Now that your life is positively empty because of a missing Friday Fun Fact (can you find it in your hearts to forgive me?), I return but let this article do most of the talking.
We are caught at the intersection of two trend lines. Species are disappearing off the face of the earth faster than we can even give them a name. At the same time, in the last four years, we have discovered about 400 new species just among the mammals, like the spectacular monkey at left, found in the Brazilian Amazon. MAMMALS -- not tiny little insects that live only in one flower at the top of a volcano.
Current estimates say that we have only described (the process by which a species becomes offically named by science) about 15% of life on this planet. So let's say there's 10 million species out there. That means there are 8.5 million critters and plants that we don't even have names for yet (and by we, I mean the scientific community and thus, society at large. These animals, of which many are invertebrates, may very well be named and known intimately to secretive indiginous cultures who don't generally publish in scientific journals or grant interviews with New York Times columnists.).
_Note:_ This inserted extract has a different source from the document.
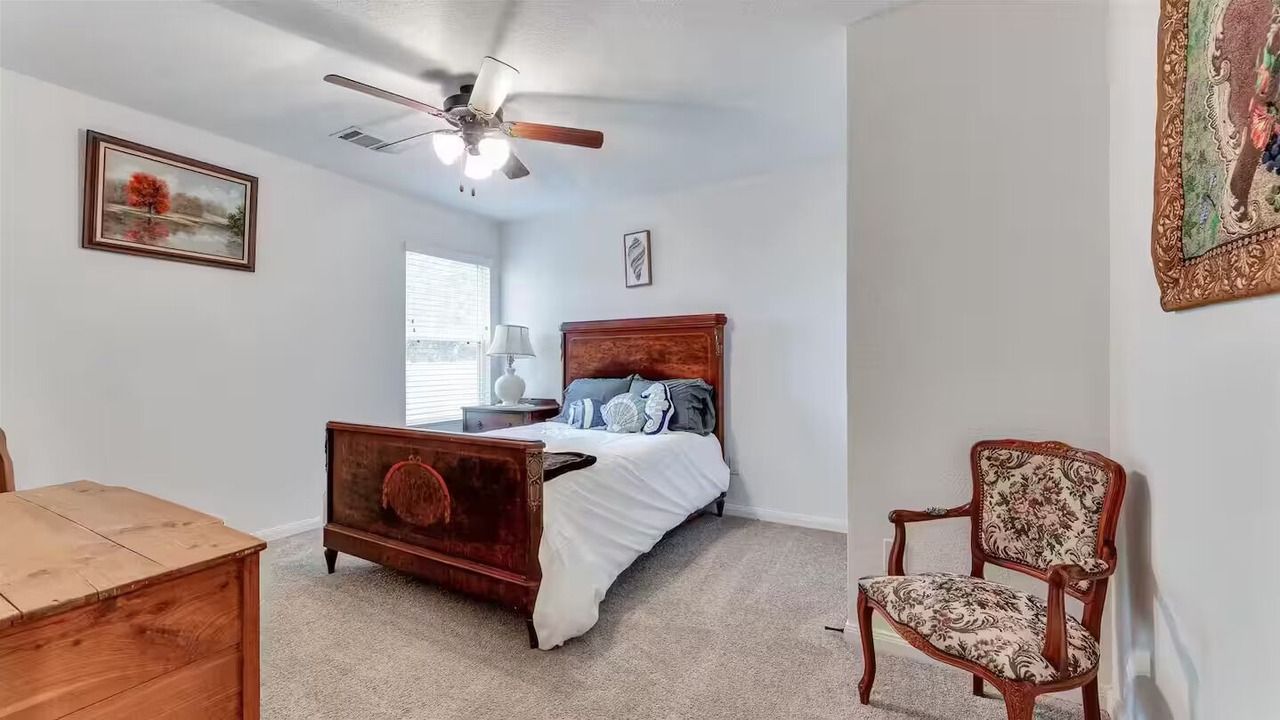 Photo of Bedroom in Willis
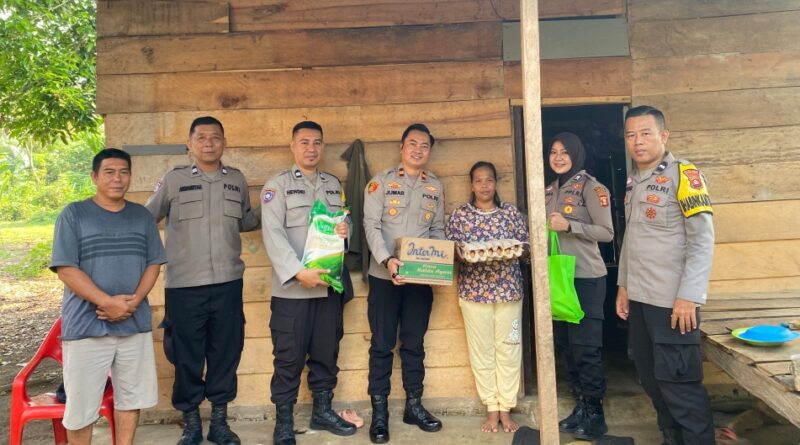 POLSEK LUBUK LINGGAU TIMUR 1,MENYALURKAN PAKET BANTUAN SEMBAKO KEPADA MASYARAKAT YANG KURANG MAMPU.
The article is well and thoughtfully written, I encourage a read. It also brings up an interesting point: perhaps the reason we are finding all these new species is that places that were previously inaccessible are now noticeably not so, what with logging and building roads and whatnot. Sadly, what this means is that if the researchers can get there, so can those who have only short term greed and destruction in mind.
Even the animals we HAVE named, we still do not know well. Looking at the big picture, we understand so little about them, yet arrogantly assume that we are the masters of their fate. So many questions we still cannot answer, despite decades of study, of watching and measuring and photographing and testing. How many of those answers could change our own lives and how many of those undiscovered species could teach us a better way live?
1 day ago
3 comments:
A spectacularly beautiful monkey. If it does not compromised the animal, I long for a photograph.
The best I can find of its relative, the saddleback tamarin. http://travel.webshots.com/photo/1173244991052179691BbzsFf
hmmm, looks pretty similar to me. The photo does give me a better understanding of the pattern markings that make up the "saddle". Thank you for the quick research.